Records drawn from a dataset:
○ ○ ○ ○ ○ ○ ○

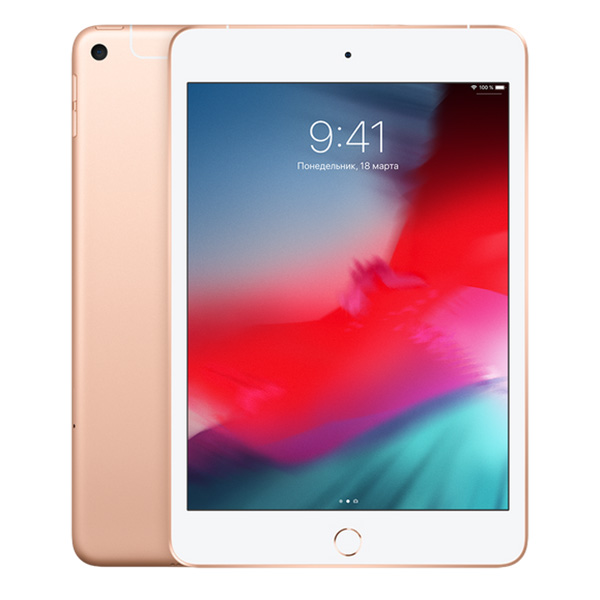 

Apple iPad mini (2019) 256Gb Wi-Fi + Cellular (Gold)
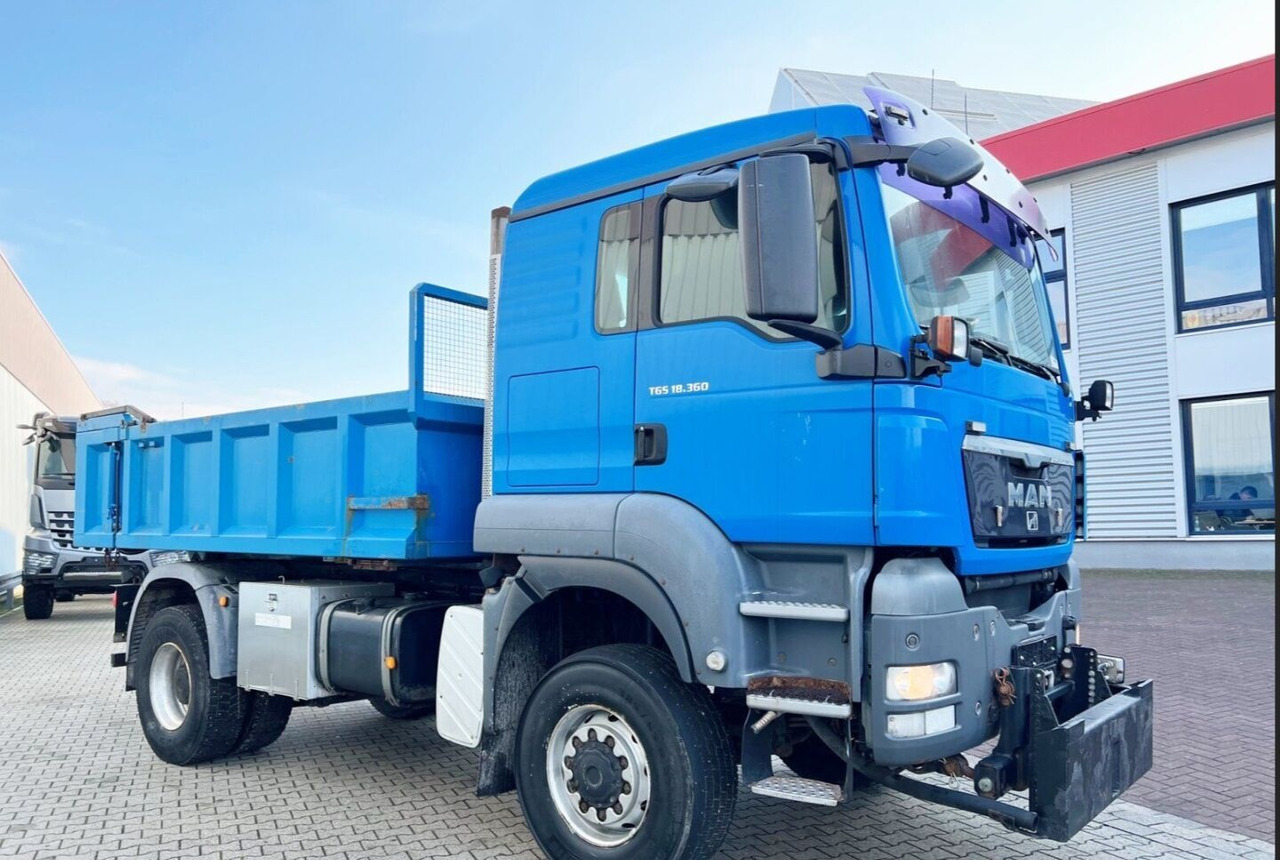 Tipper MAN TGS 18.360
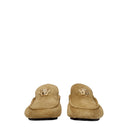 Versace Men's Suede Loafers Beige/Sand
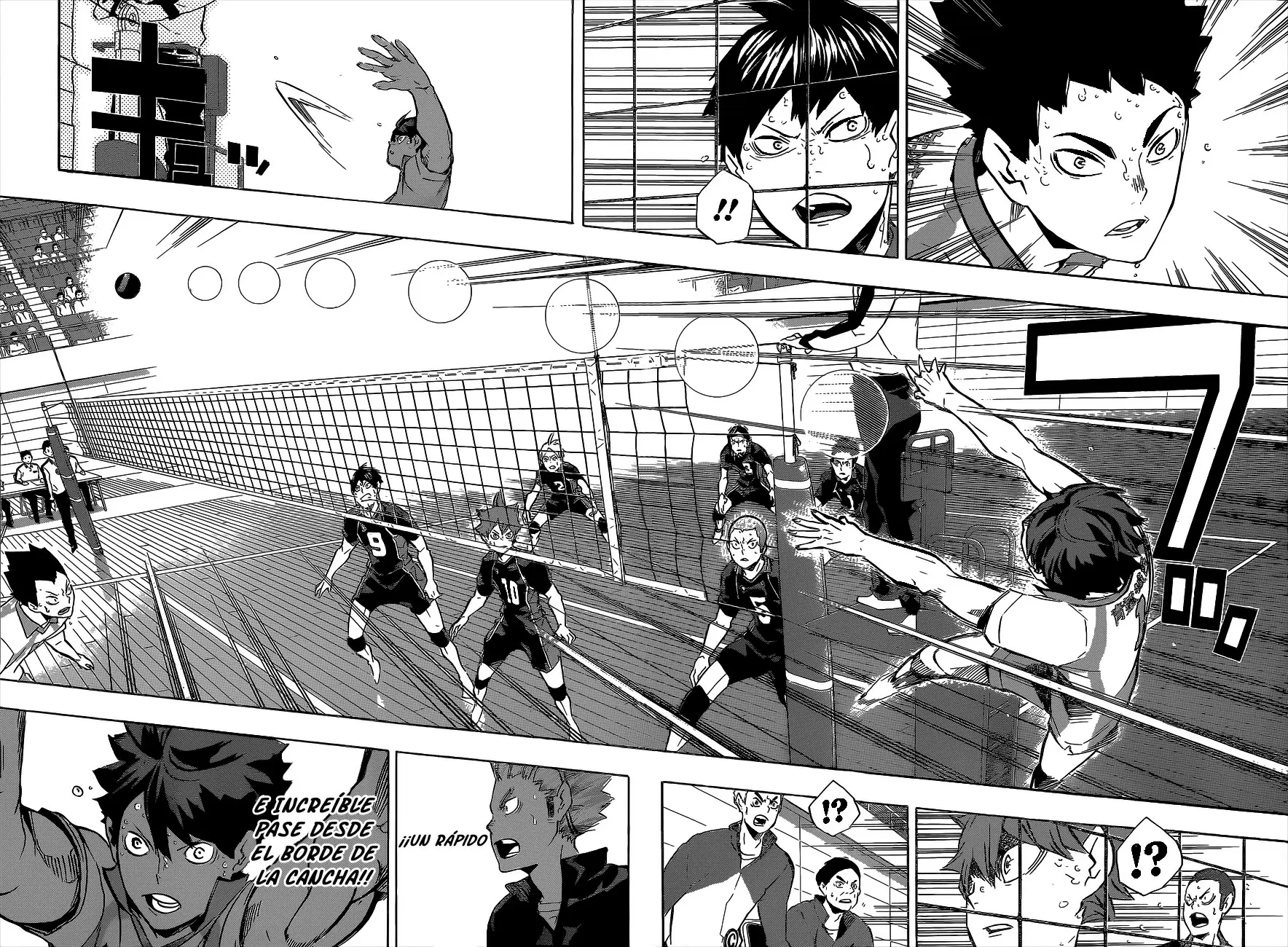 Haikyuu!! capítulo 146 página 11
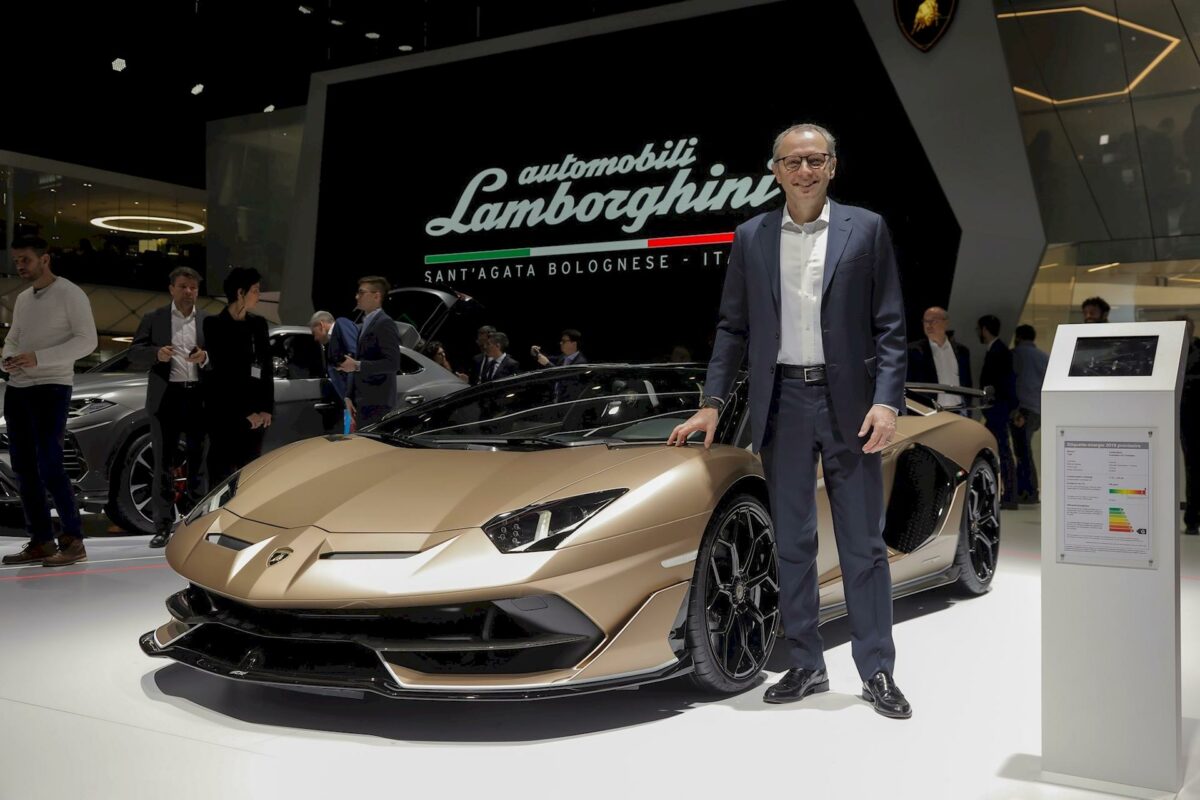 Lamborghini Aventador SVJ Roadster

○ ○ ○ ○ ○ ○ ○

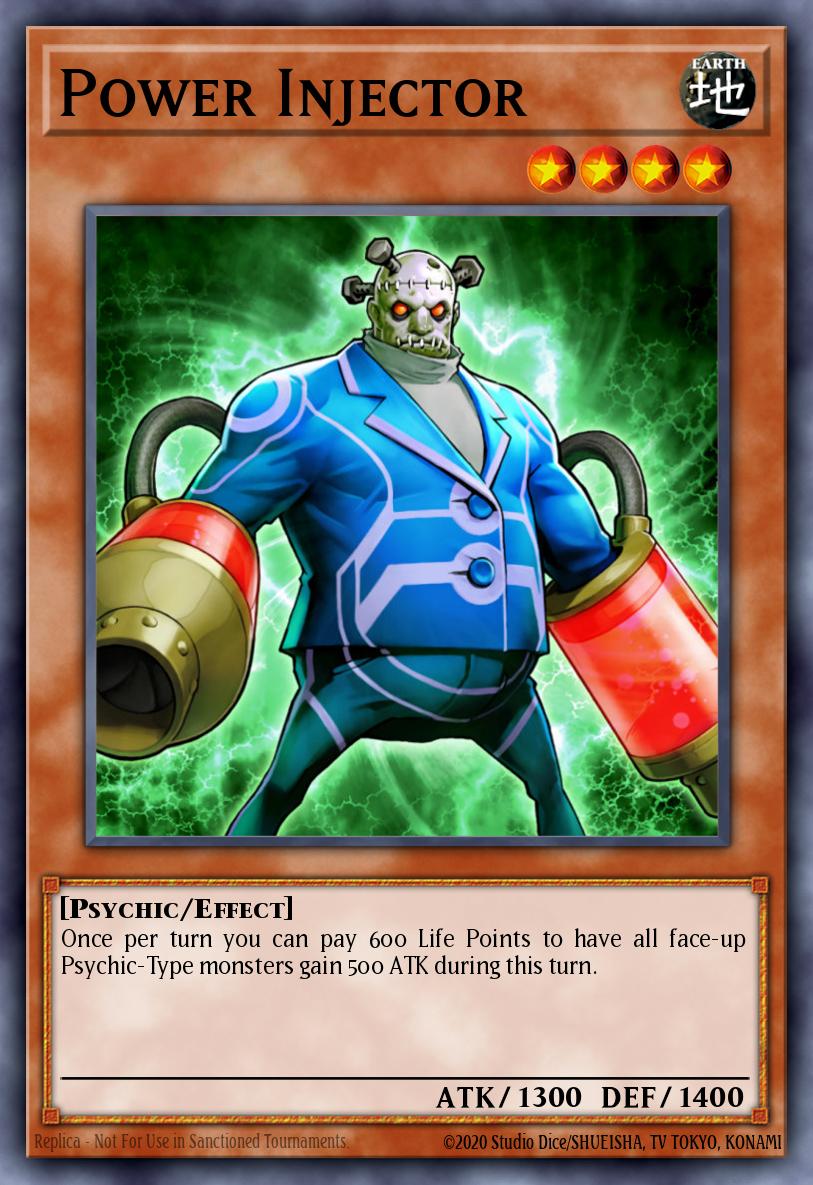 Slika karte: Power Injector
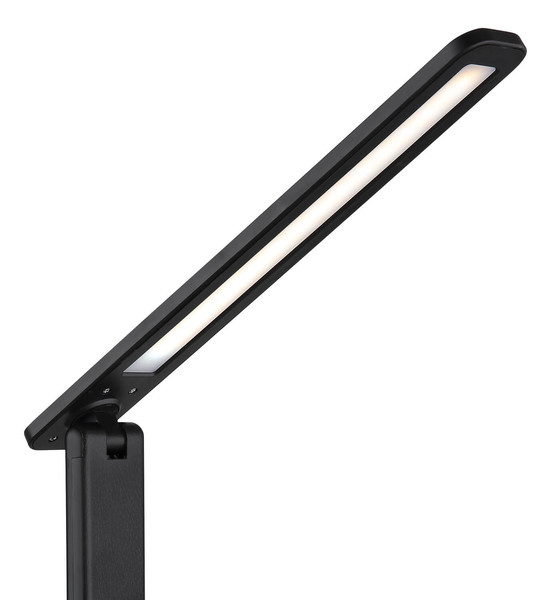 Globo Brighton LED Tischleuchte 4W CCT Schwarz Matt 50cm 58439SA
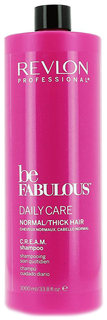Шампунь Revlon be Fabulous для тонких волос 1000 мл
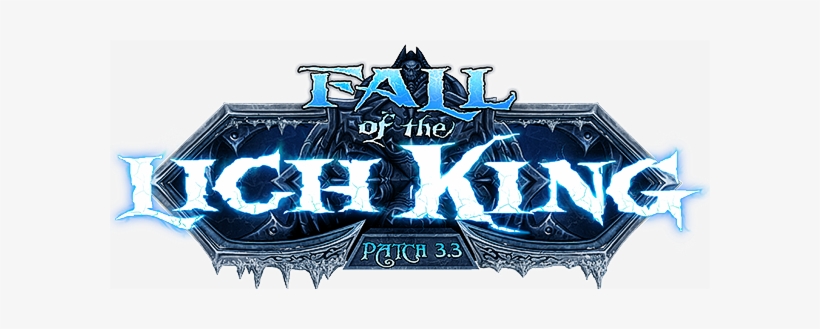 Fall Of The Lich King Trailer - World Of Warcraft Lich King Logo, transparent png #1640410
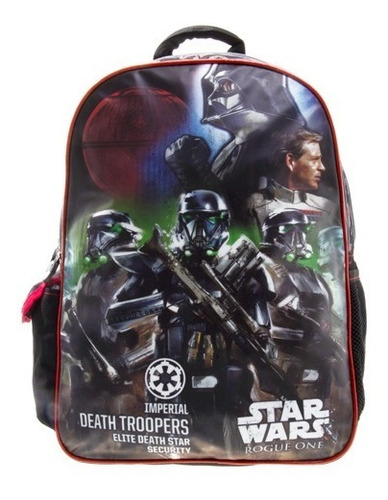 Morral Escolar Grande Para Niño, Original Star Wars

○ ○ ○ ○ ○ ○ ○

Task brief:
Write out again exactly the lines above from the one with "Slika karte: Power Injector" through the one with "Morral Escolar Grande", adding no other lines and no pictures.

Solved exercise:
 Slika karte: Power Injector
 Globo Brighton LED Tischleuchte 4W CCT Schwarz Matt 50cm 58439SA
Шампунь Revlon be Fabulous для тонких волос 1000 мл
 Fall Of The Lich King Trailer - World Of Warcraft Lich King Logo, transparent png #1640410
 Morral Escolar Grande Para Niño, Original Star Wars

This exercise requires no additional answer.